I refreshed both candidates without touching my active llama-rocm-6.4.4 container, then ran llama-bench side-by-side with identical flags.

One thing worth noting upfront: this isn’t a pure ROCm comparison. The candidate containers also ship a newer llama.cpp build (9199 vs 9067 on the baseline), so the results reflect both the ROCm runtime change and 132 llama.cpp commits worth of changes to the HIP backend, GEMM kernels, and graph scheduling. Separating those two variables would require building the same llama.cpp revision against both ROCm versions, which I haven’t done yet.

#Version Snapshot

Containerllama.cppROCm
llama-rocm-6.4.4build 9067 (44dbe8c52)rocm-core-6.4.4 (Fedora 43 packages)
llama-rocm-7.2.3build 9199 (39cf5d619)rocm-core-7.2.3 (RHEL 10 packages)
llama-rocm7-nightliesbuild 9199 (39cf5d619)TheRock, /opt/rocm-7.0, version file says 7.14.0

That last line surprised me. The nightlies container self-reports as ROCm 7.14.0, not 7.13. TheRock nightly builds roll forward continuously, so by the time kyuz0’s CI rebuilt the image today it had already moved past the 7.13 tag. Something to keep in mind if you’re trying to pin to a specific release.

#Benchmark Setup

Same flags I use in production, matched across all three containers:

llama-bench \
  -m <model.gguf> \
  -fa 1 -ngl 999 \
  -b 512 -ub 256 \
  -ctk q8_0 -ctv q8_0 \
  -mmp 0 \
  -p 512 -n 128 \
  -r 3 -o md

Three models that fit in the llama-bench allocation path: Qwen3.5-9B, Qwen3.5-4B, and Gemma 4 E4B, all Q8_K_XL quantizations.

#Results

ContainerModelPP (t/s)TG (t/s)
rocm-6.4.4Qwen3.5-9B992.7516.58
rocm-7.2.3Qwen3.5-9B903.2315.87
rocm7-nightliesQwen3.5-9B928.0917.95
rocm-6.4.4Qwen3.5-4B1729.5029.49
rocm-7.2.3Qwen3.5-4B1837.2031.39
rocm7-nightliesQwen3.5-4B1579.3530.48
rocm-6.4.4Gemma 4 E4B1512.6130.28
rocm-7.2.3Gemma 4 E4B1536.9428.59
rocm7-nightliesGemma 4 E4B1801.3630.81

#Deltas vs Baseline

ContainerModelPPTG
rocm-7.2.3Qwen3.5-9B-9.0%-4.3%
rocm7-nightliesQwen3.5-9B-6.5%+8.3%
rocm-7.2.3Qwen3.5-4B+6.2%+6.4%
rocm7-nightliesQwen3.5-4B-8.7%+3.4%
rocm-7.2.3Gemma 4 E4B+1.6%-5.6%
rocm7-nightliesGemma 4 E4B+19.1%+1.8%

No clear winner. Each backend wins on some model/metric combinations and loses on others. The nightlies container posted the single best result in the set, +19% prompt processing on Gemma 4 E4B, but also the single worst regression at -8.7% on Qwen3.5-4B prompt processing.

#The Large Model Problem

My production workloads are mostly 27B to 35B class models: Qwen3.6-35B-A3B, Qwen3.6-27B, Gemma 4 31B. I tried loading Gemma 4 31B Q8 through llama-bench in all three containers, and all three failed with cudaMalloc failed: out of memory. The reported GPU-visible memory was only about 14 GiB despite the machine having 128 GB of unified RAM.

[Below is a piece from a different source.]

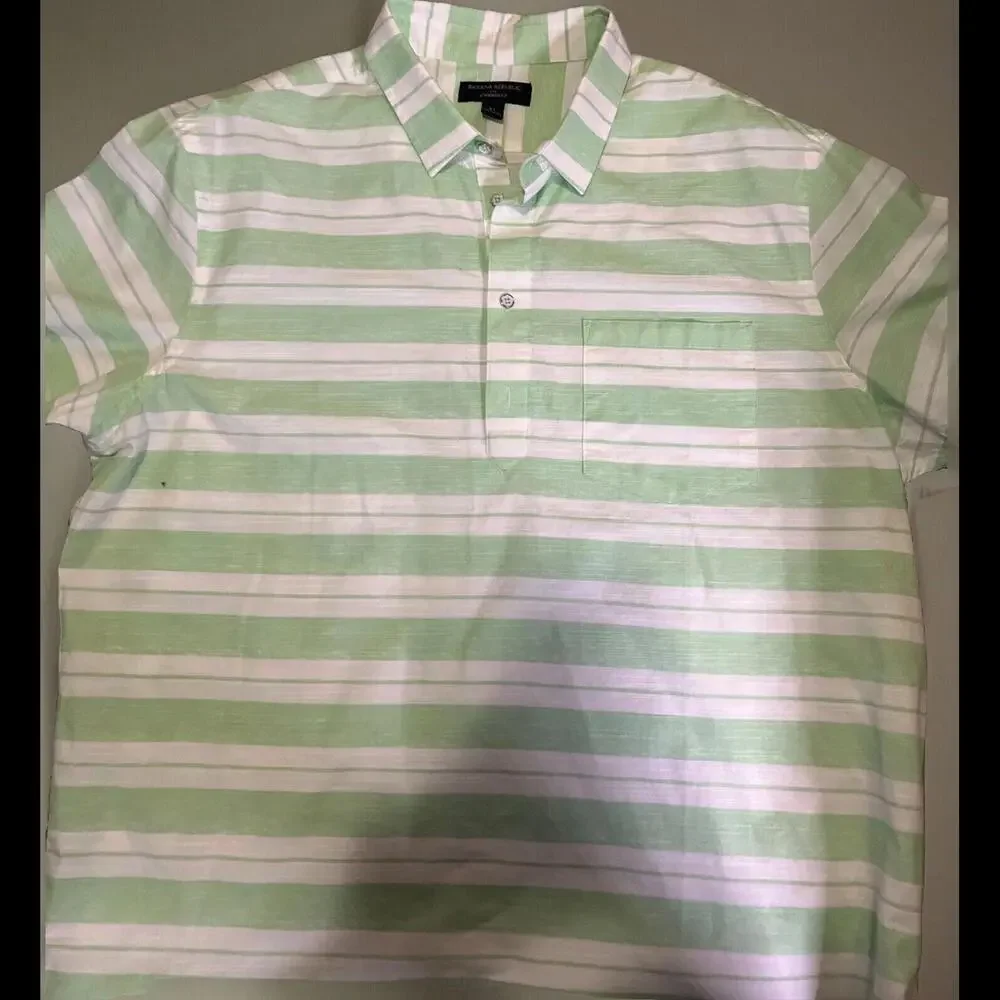 Banana Republic Shirt‎ Mens XL Standard Fit Green/White Short Sleeve Button Up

This is a llama-bench allocation path issue, not a runtime issue. These same models load and run fine through llama-server in the toolbox (that’s my production setup). But it means the numbers above are directional for smaller models only. I still need to run a proper serving-path benchmark with the actual 27-35B models to make a real migration decision.

#What I’m Taking Away

The ROCm 7.13 release notes call out “new optimizations for Ryzen AI Max 300,” but the highlighted improvement is RCCL multi-node clustering for distributed inference over Ethernet. That’s relevant for multi-machine tensor parallelism setups, not single-node llama.cpp inference. The other library changes (hipBLASLt batched GEMM, Composable Kernel quantization kernels) are more likely to show up in PyTorch/vLLM workloads than in llama.cpp’s hand-rolled HIP kernels.

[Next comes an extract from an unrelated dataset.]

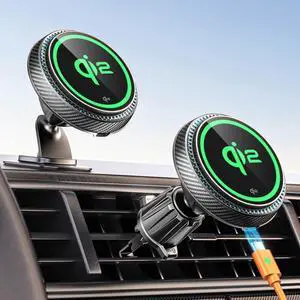 APPS2Car for Qi2 15W MagSafe Car Mount Charger, Qi2-Certified MagSafe Car Charger, Air Vent/Dashboard Magnetic Phone Holder Car for iPhone 16e 16 Pro Max Plus 15 14 13, Black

This matches what the benchmarks show. There’s no dramatic across-the-board improvement from moving to a newer ROCm for this specific use case. The per-model variance is larger than the per-backend variance, same pattern I’ve seen with every other tuning parameter on this machine. Speculative decoding is still the biggest single throughput lever. Backend choice is secondary.

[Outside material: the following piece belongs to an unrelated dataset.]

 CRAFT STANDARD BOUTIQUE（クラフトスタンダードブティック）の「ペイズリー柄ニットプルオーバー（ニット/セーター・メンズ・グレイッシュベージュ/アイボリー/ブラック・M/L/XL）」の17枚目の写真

I’m keeping llama-rocm-6.4.4 as my production toolbox for now. The plan is to run a second pass with the larger models through the normal llama-server serving path, where memory allocation works differently, and only switch if there’s a consistent win with no stability regressions. If you’re running Strix Halo, the same advice applies: benchmark your specific models with your specific flags before migrating. ROCm version changes are model-family dependent, not universally better or worse.